When it erupts, plumes of rock will shoot up thousands of feet above the volcano. Rock, gas, and ash will come blasting out from volcanic vents. The heat will melt tons of ice and trigger powerful mudslides. The mountain’s glaciers contain about 300 million cubic meters of ice, enough to wreak serious havoc if rapidly melted into rushing waters.
We are going to want as much warning as possible.
With three ski resorts, millions of annual visitors to Mount Hood, and the City of Portland just 60 miles downslope, there is no way an eruption of Mount Hood will be a minor event. But early warning systems can limit the damage significantly.
That explains why the U.S. Geological Survey (USGS) has installed three new monitoring stations on Mount Hood within an area designated as wilderness and otherwise protected from development. A five-year bureaucratic delay in setting up the system of sensors due to the wilderness designation finally ended in the autumn of 2019, not long ofter the publication of a major report in the New York Times titled “We’re barely listening to the U.S.’s most dangerous volcanoes.”
The Times report noted that the U.S. lags behind Chile, Japan, and Iceland in volcano monitoring and warned that an unmonitored Mount Hood could erupt with devastating and horrific results comparable to Colombia’s Nevado del Ruiz volcano, which killed 21,000 people in one night in 1985.
Workers flew in via helicopter to install the new USGS monitoring systems on Mount Hood in late September.
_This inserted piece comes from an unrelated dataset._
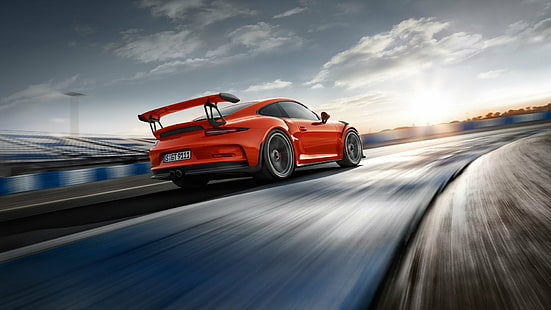 Porsche, Porsche 911 GT3, Auto, Orange Car, Porsche 911, Porsche 911 GT3 RS, Auto sportiva, Veicolo, Sfondo HD HD wallpaper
The sites consist of three sets of co-located seismic and GPS stations, all within 2.5 miles of the summit of the mountain. A fourth ground-based station for continuous volcanic gas monitoring is expected to be installed at a later date. The stations are located away from trails, painted to blend in with the surroundings, and not expected to affect skiing, climbing, or other recreational uses of the Mount Hood National Forest.
Following the successful September installation, the monitors are now producing real-time data accessible to anyone with an internet connection.
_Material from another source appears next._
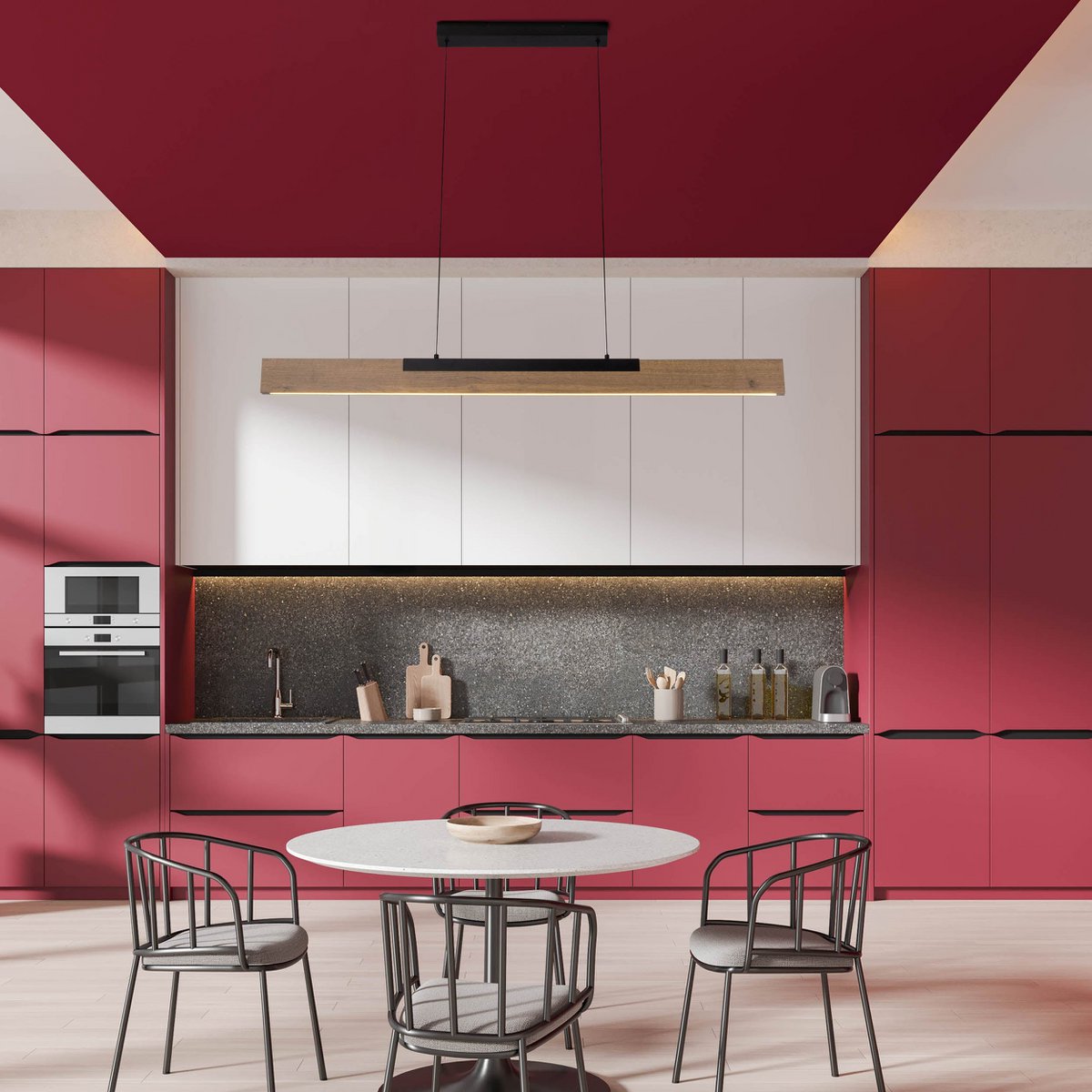 LED hanglamp "Wilma" gemaakt van metaal en hout (MDF) in zwart en bruin, ca. 122.2 cm lang, ca. 150 cm hoog, in hoogte verstelbaar, met geïntegreerde lamp, dimbaar, met geheugeneffect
The date being generated by the new monitors is extremely detailed.
For example, a quick scan of the data in early December revealed that the mountain experienced two minor earthquakes in two days on December 8th and 9th. The larger of the two quakes occurred at 5 pm Sunday, December 8, with a magnitude of 2.4 and a depth of 1.2 miles.
According to the USGS, the largest earthquake recorded with modern monitoring in the vicinity of Mount Hood was a magnitude 4.5 in 2002 that was followed 4 hours later by a M 3.8 aftershock. Earthquakes with magnitudes of 3.0 or greater also occurred in 1989, 1990, 1996, and 2010. These clusters often occur in swarms with three or more earthquakes in a day. Between June 29 and August 18 of 2002 more than 200 earthquakes followed a June 29 quake of magnitude 4.5.
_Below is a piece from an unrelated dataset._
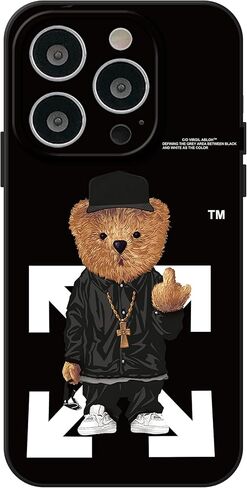 PSUJAO Compatible with Cool iPhone 15 Pro case for Boys,Funny Aesthetic Soft Silicone Gel Rubber Shockproof Cover Full Body Drop Protection (Black, iPhone 15 pro) in Kuwait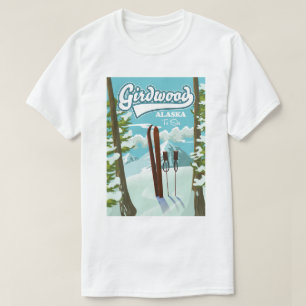 T-shirt Girdwood en Alaska pour skier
It is always worth remembering that Earthquakes are measured in a logarithmic scale, so the difference between a 3.5 and a 7.0 is exponential and enormous. It is unknown how large the last major earthquake on Mount Hood was on the logarithmic scale in the 1780s. But it was large enough to set off huge avalanches and landslides that crushed everything in their path.
Which is why it makes sense to be flexible on the wilderness rules sometimes. Large volcanoes rarely blow without warning, and the sooner we see the warning signs, the better we can respond to an eruption that will be terrifying when it blows.